Data to use section start

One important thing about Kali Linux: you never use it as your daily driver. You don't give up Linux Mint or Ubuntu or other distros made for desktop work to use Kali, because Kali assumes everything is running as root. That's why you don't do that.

Data to use section end
Data to use section start

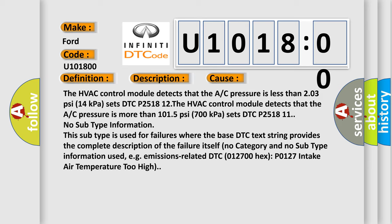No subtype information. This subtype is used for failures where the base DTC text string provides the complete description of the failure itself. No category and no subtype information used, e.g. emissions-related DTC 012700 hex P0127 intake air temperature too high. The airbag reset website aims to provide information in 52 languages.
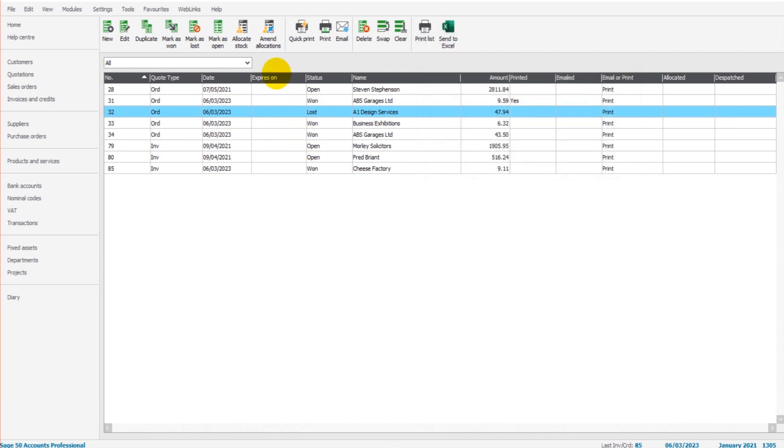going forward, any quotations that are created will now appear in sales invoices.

Data to use section end

#### Problem details
Only the lines above from the one containing "No subtype information." through the one containing "going forward, any" should be returned, verbatim and inclusive, with pictures excluded.

#### Written solution
No subtype information. This subtype is used for failures where the base DTC text string provides the complete description of the failure itself. No category and no subtype information used, e.g. emissions-related DTC 012700 hex P0127 intake air temperature too high. The airbag reset website aims to provide information in 52 languages.
going forward, any quotations that are created will now appear in sales invoices.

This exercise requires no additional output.